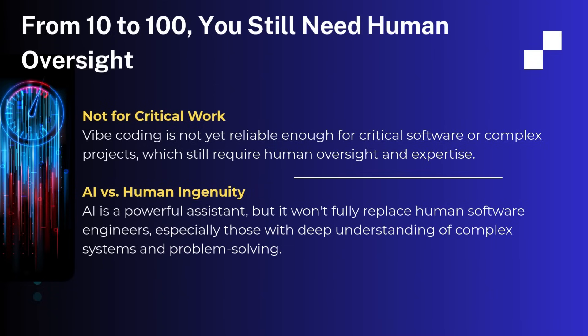Going from 10 to 100 will still require a human oversight as you want to take care of enough testing, observability, scaling, logging, security, and performance before such code goes to production. So can vibe coding and use of AI are going to fully replace software engineers? Answer is no.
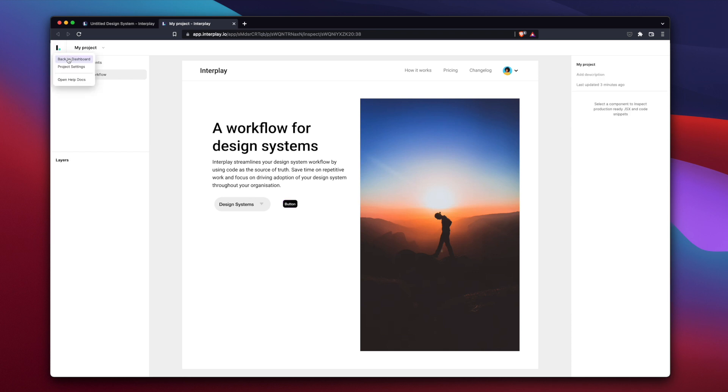You can now go ahead and create a new design system to get started. If you want to import your own components, there's a detailed video on the components page. Or simply head over to Figma and try out the plugin using the base UI design system.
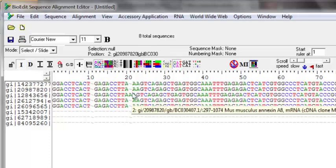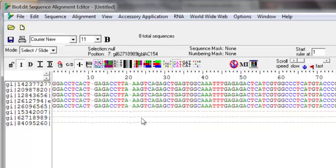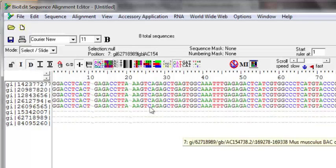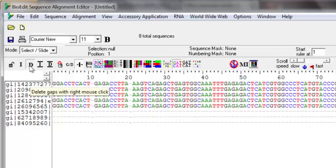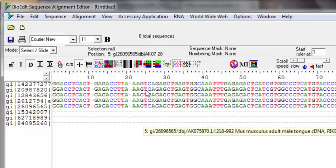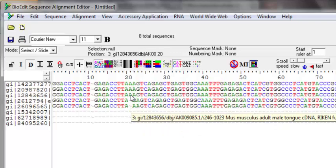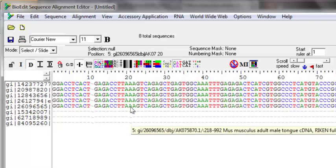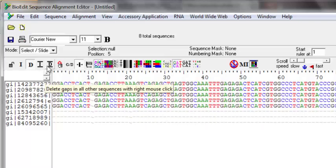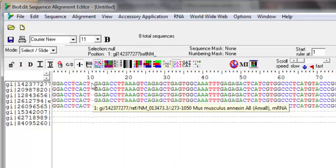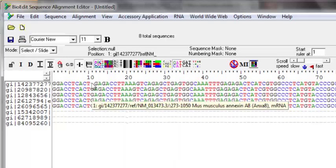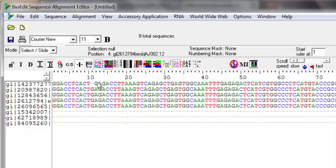You can delete gaps the same way. If by mistake you added extra gaps, or there is a gap which should not be there, you can press the 'delete gaps' button and right-click on the sequence to delete the gap at that position. You can also use 'delete gaps in all other sequences' — clicking a sequence will delete the gaps in all sequences other than the one you clicked.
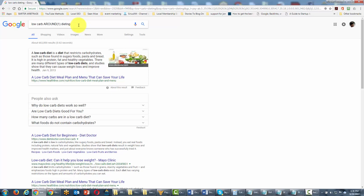There can be a space here. So we've said low carb can only be separated by one word. So now we're going to click enter.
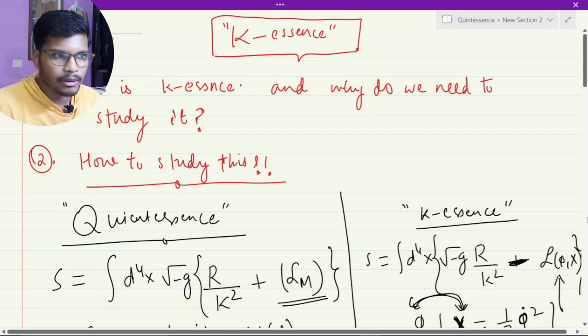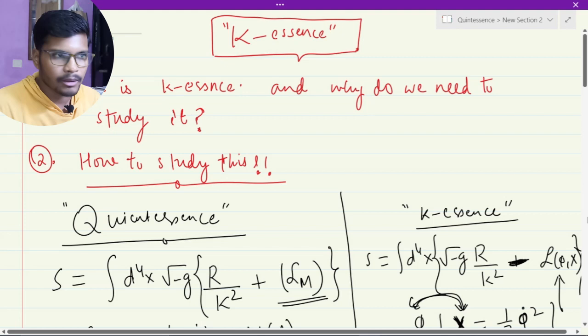So that is the simplified picture of K-essence. In the next video, I am going to explain that K-essence can also behave like dark matter. Right now it is behaving like dark energy, but it can also behave like dark matter, so we will explore a little more about K-essence. If you like this video, please do subscribe and share with your friends. Thank you very much. See you later.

=====

# [What is being asked]
Return only the lines from the start of the data through the line that contains "You can now", please, copying them exactly and omitting all pictures.

# [Your solution]
Going from 10 to 100 will still require a human oversight as you want to take care of enough testing, observability, scaling, logging, security, and performance before such code goes to production. So can vibe coding and use of AI are going to fully replace software engineers? Answer is no.
You can now go ahead and create a new design system to get started. If you want to import your own components, there's a detailed video on the components page. Or simply head over to Figma and try out the plugin using the base UI design system.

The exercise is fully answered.